» **REQUIRED WORK**
Starting at the line that contains "Hiver 2019 3", transcribe each line through the end of the material below, exactly and nothing else, leaving out the pictures.

═══ ENTRIES SHOWN ═══

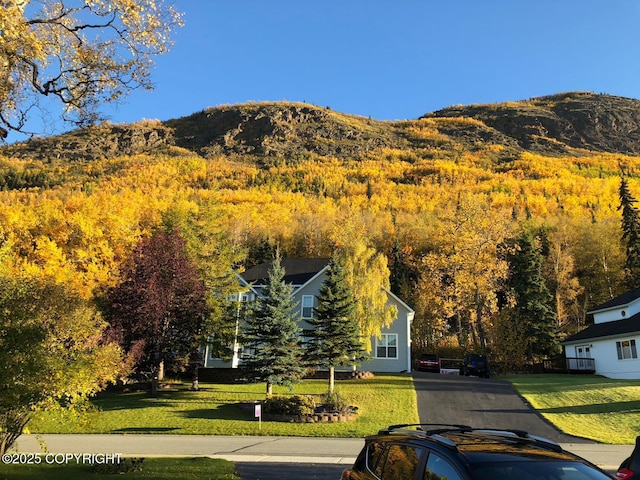 20420 Williamsburg Dr, Eagle River, AK 99577 - mountain view with a heavily wooded area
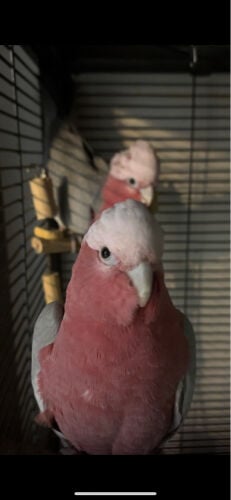exhanging my female galah for male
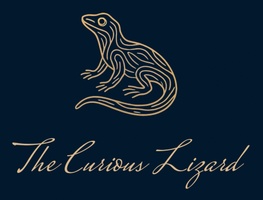 The Curious Lizard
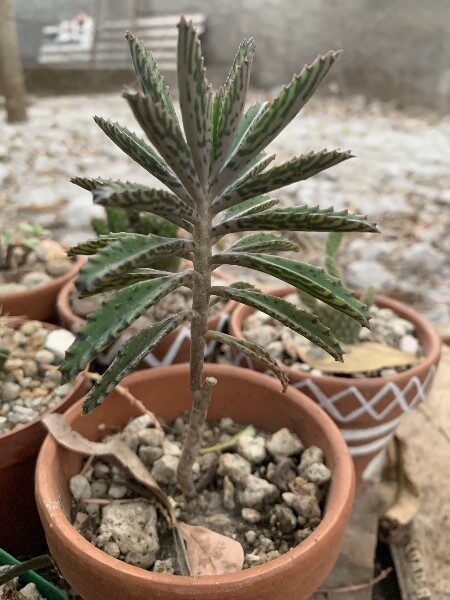 La Mala Madre: Una Planta Purificadora y Decorativa, Pero... ¿Venenosa?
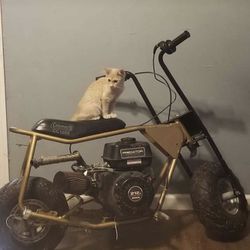 Coleman Pitbike With Predator 212cc Motor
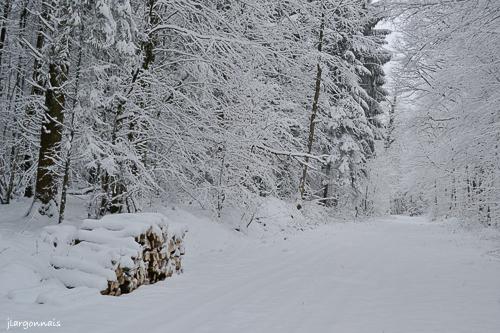 Hiver 2019 3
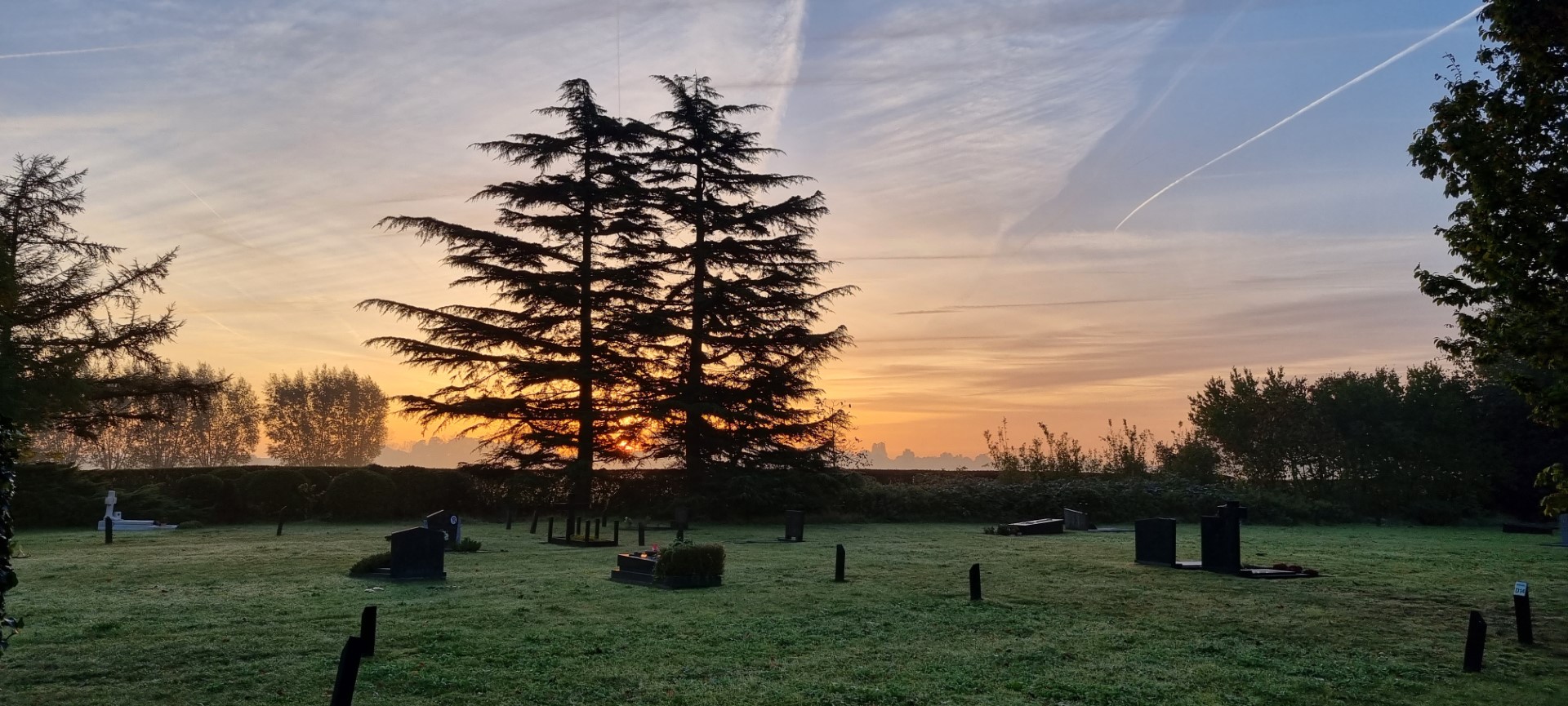 Week in beeld – week 43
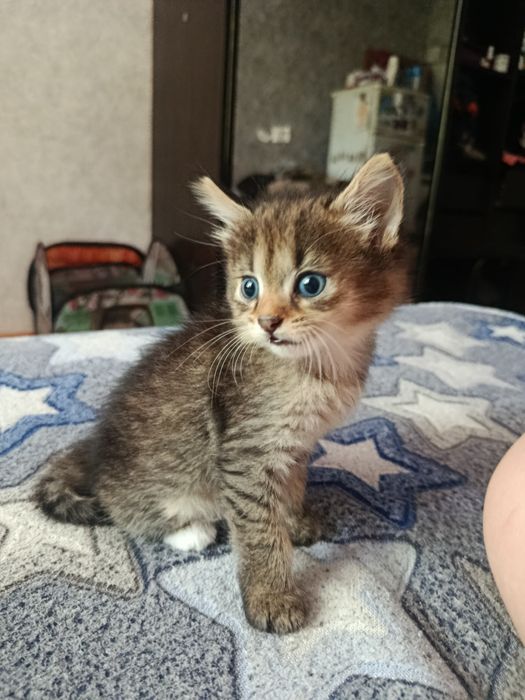 кошенята в добрі руки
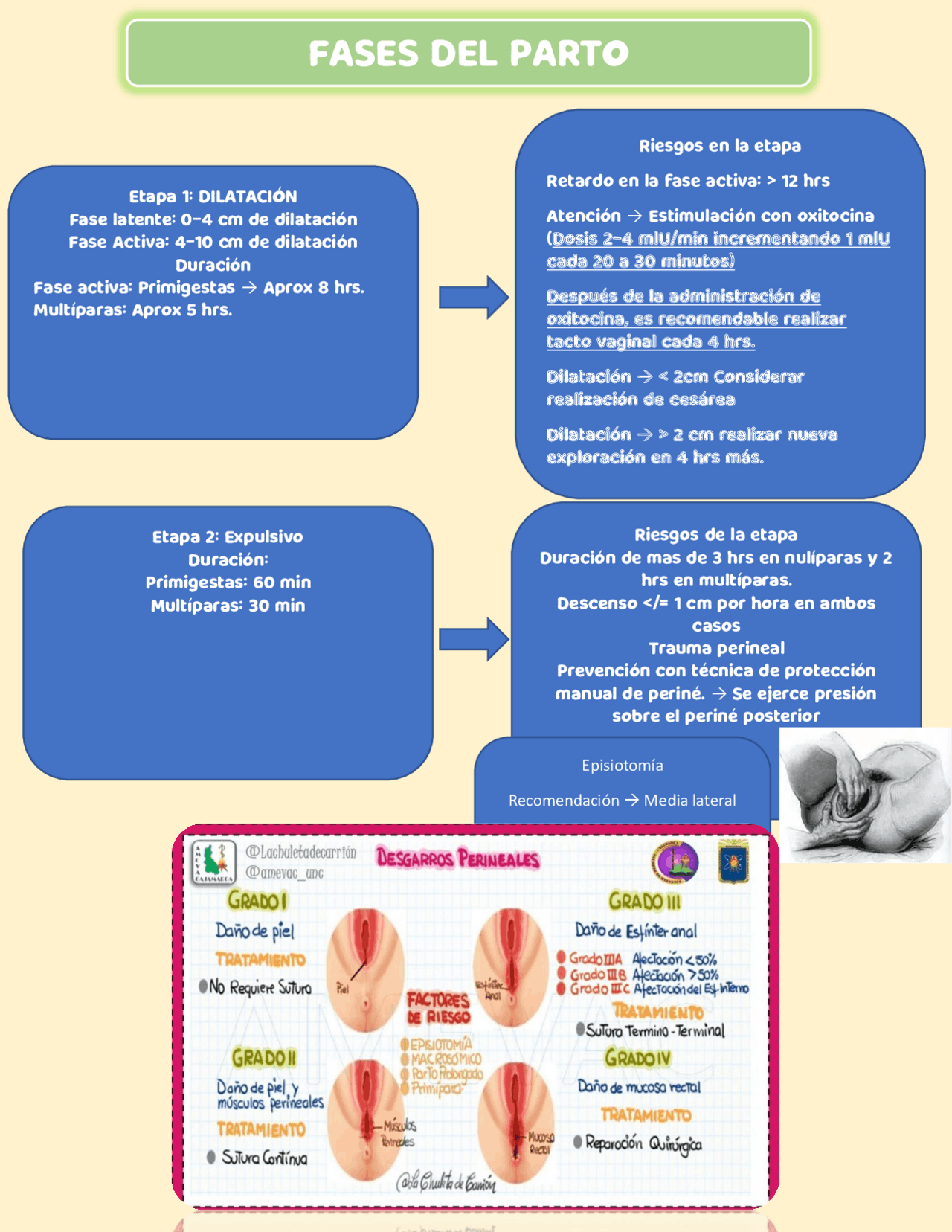 Fases del parto y generalidades | Apuntes de Ginecología | Docsity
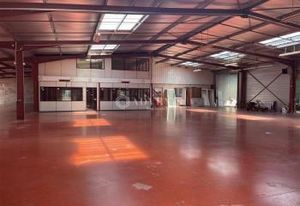 Local d'activité à louer Cestas - Proche A63 et Bordeaux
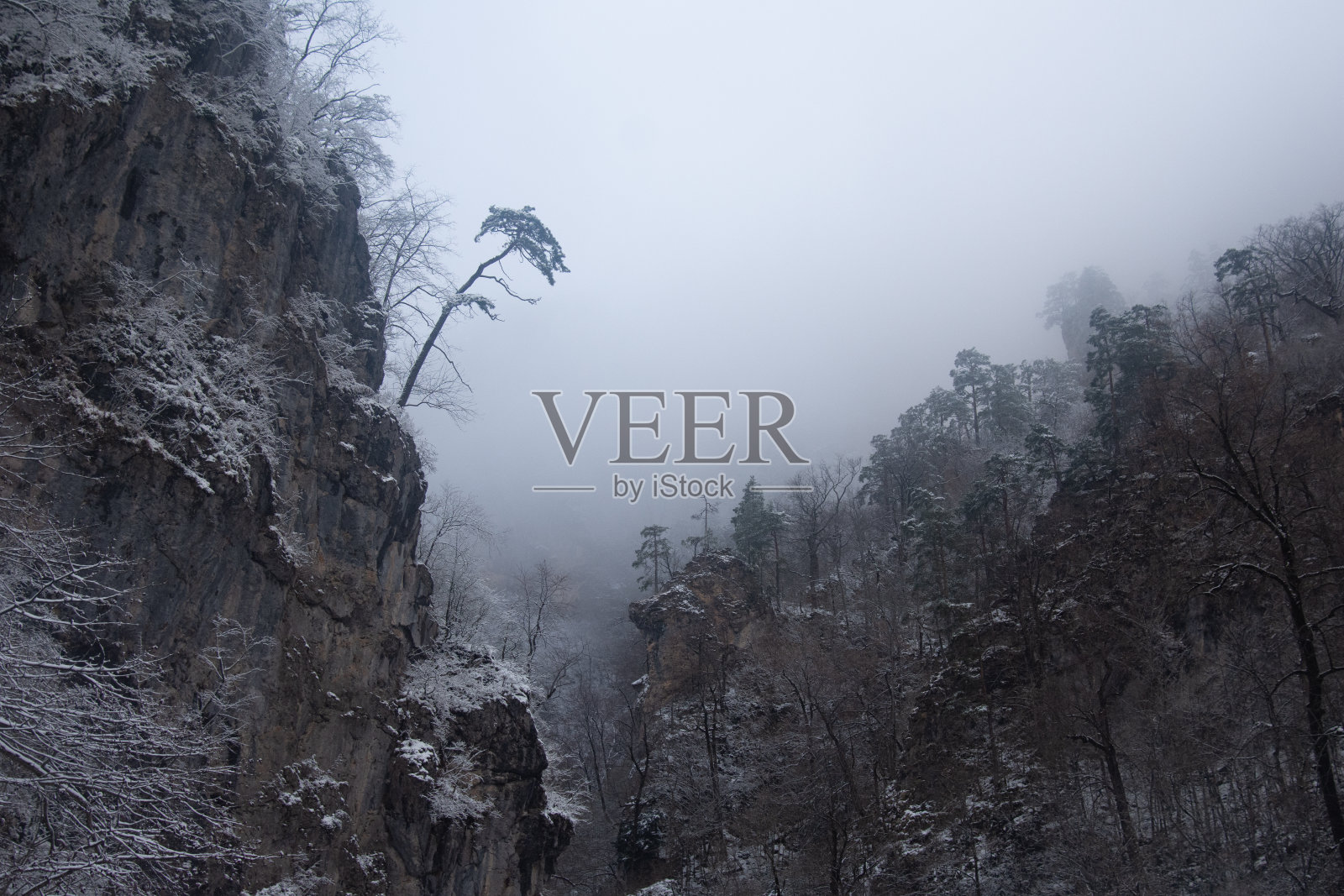 悲观的景观。照片摄影图片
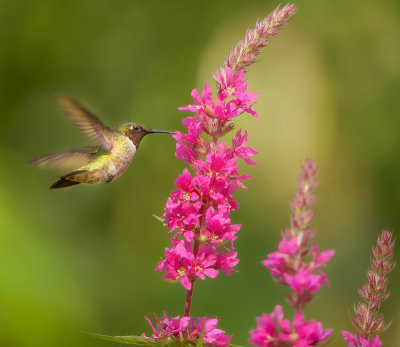 hummingbird___colibris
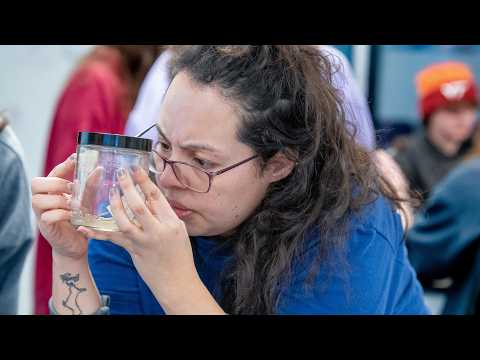 Hands-on learning in the Herpetology Lab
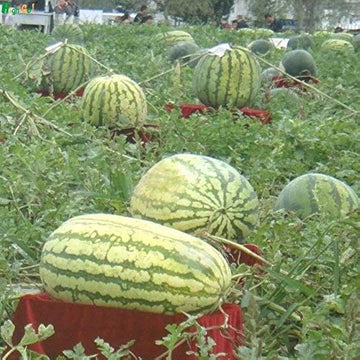Extra-große riesige watermelon wachsend in garten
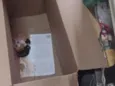 gatinho 
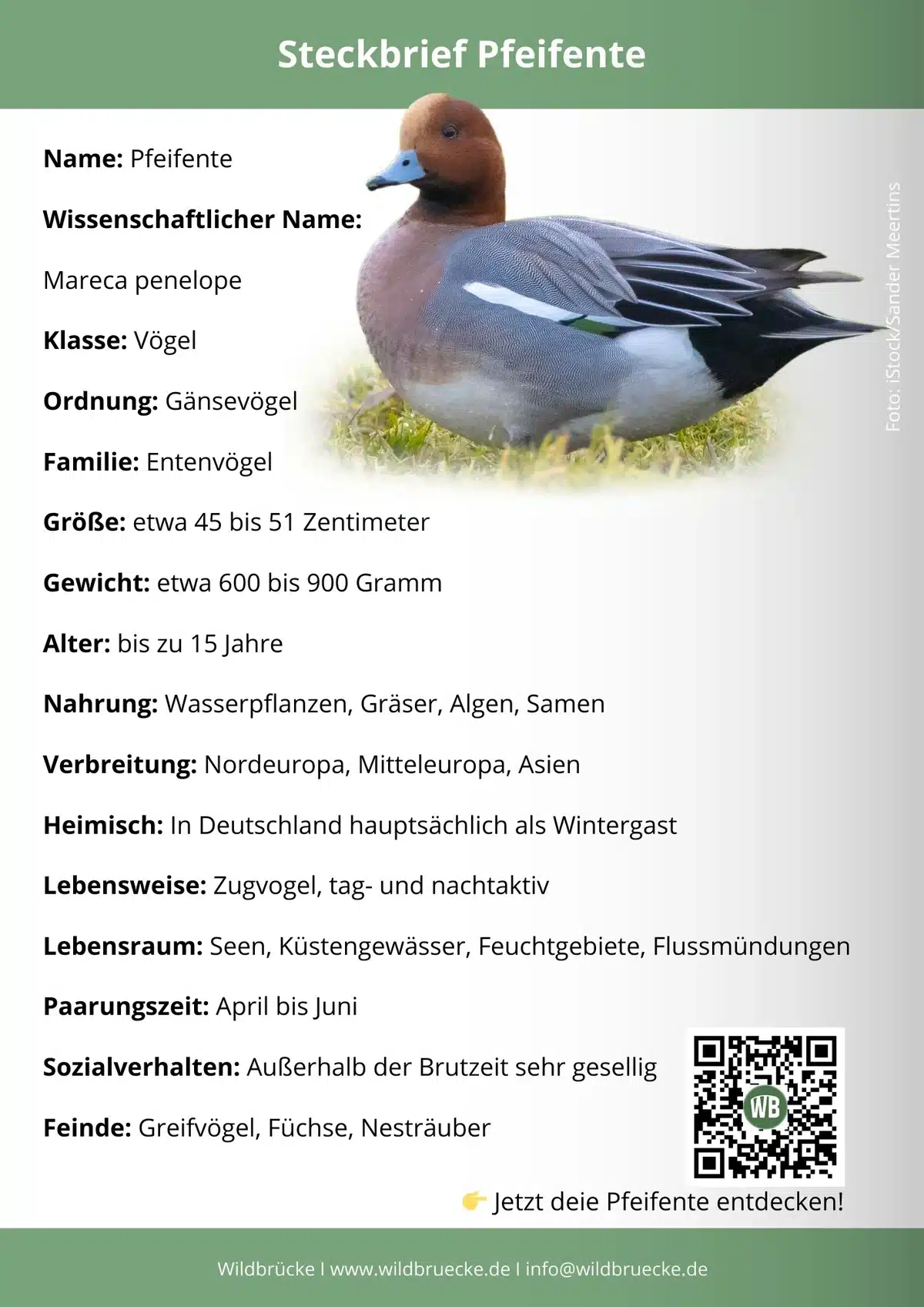 Pfeifente Steckbrief - Vögel in Europa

═══

» **EXERCISE RESPONSE**
 Hiver 2019 3
 Week in beeld – week 43
 кошенята в добрі руки
 Fases del parto y generalidades | Apuntes de Ginecología | Docsity
 Local d'activité à louer Cestas - Proche A63 et Bordeaux
 悲观的景观。照片摄影图片
 hummingbird___colibris
 Hands-on learning in the Herpetology Lab
Extra-große riesige watermelon wachsend in garten
 gatinho 
 Pfeifente Steckbrief - Vögel in Europa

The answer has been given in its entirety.